MYRTLE BEACH, S.C. -- Channel 15 reporter Karin Mallett planted herself firmly on a wooden deck along Ocean Boulevard on Wednesday.
Winds whipping by and waves crashing loudly behind her, Myrtle Beach's WPED-TV reporter stayed long after dark, relaying firsthand the fury that was Hurricane Floyd.
When disaster calls, residents evacuate. The media doesn't.
"We're in the business of public information, and this is when the public needs us the most," Ms. Mallett said during a lull in her half-hour television update. "It comes with the territory."
At The Breakers Hotel on Myrtle Beach, reporters clamored for available rooms. Represented were the New York Times, 20/20, Time magazine, The Associated Press, PBS, and every television station that could book a room. The hotel provided them an oceanfront view of the passing storm.

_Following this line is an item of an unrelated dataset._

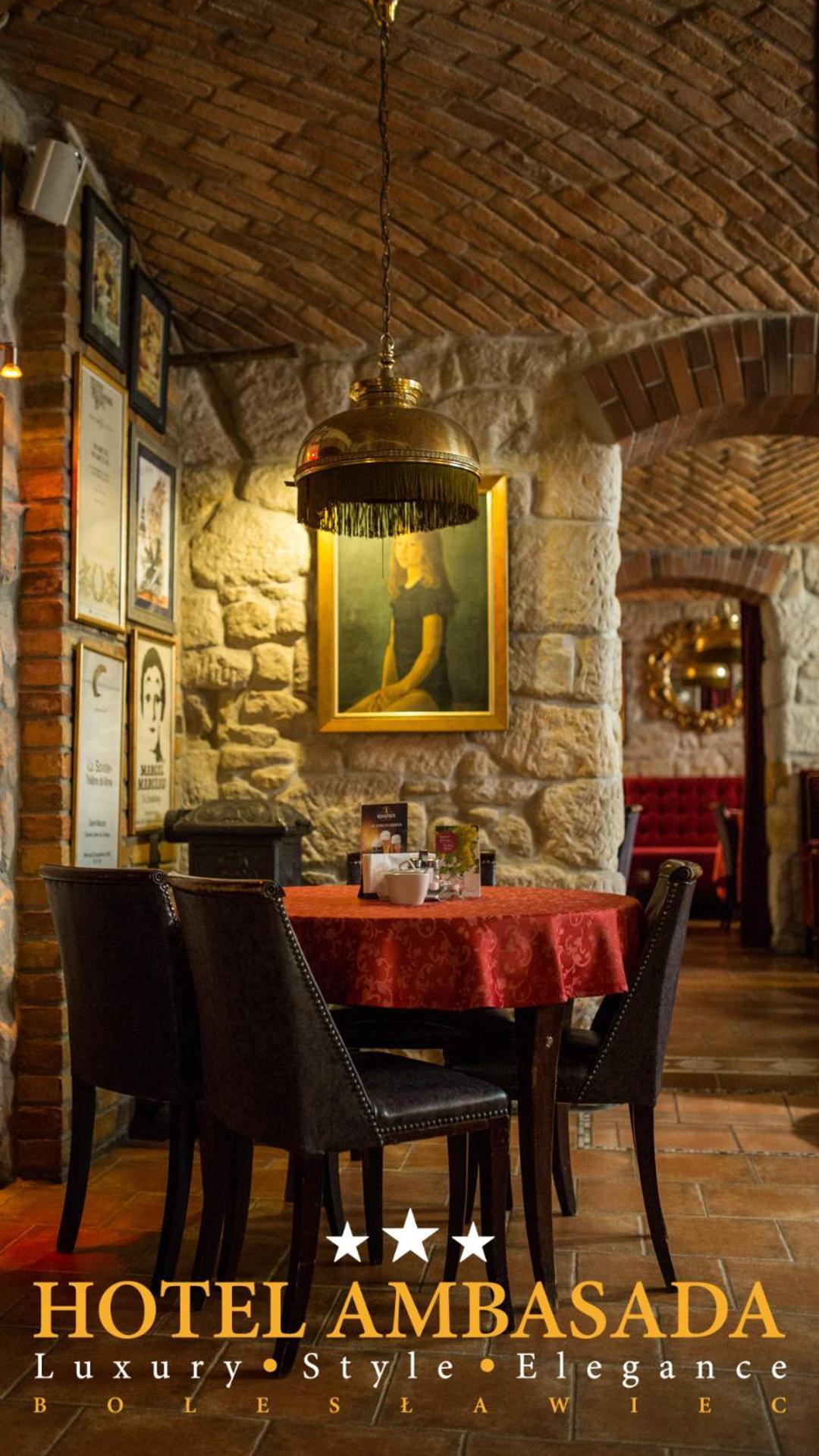 Hotel Ambasada Boleslawiec Болеславец Екстериор снимка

Of course, journalists "assumed the responsibility for their life and safety," a hotel memo stated. "This is a very large, strong and dangerous storm -- something we have never experienced before."
For many reporters, facing the possible catastrophe of Floyd was part of the job. And, to be honest, breaking news like this promised excitement, said Kevin Harned, a meteorologist from Louisville, Ky. He said hurricane forecasters had predicted the "Storm of the Century," and who among the media wanted to miss that?
"I think there is a national fascination because of the mystery," he said. "And I think everyone gets a thrill out of the devastation."
Mr. Harned compared the attraction to a day at a NASCAR race:
"People don't go for the race," he said. "They go for the wrecks."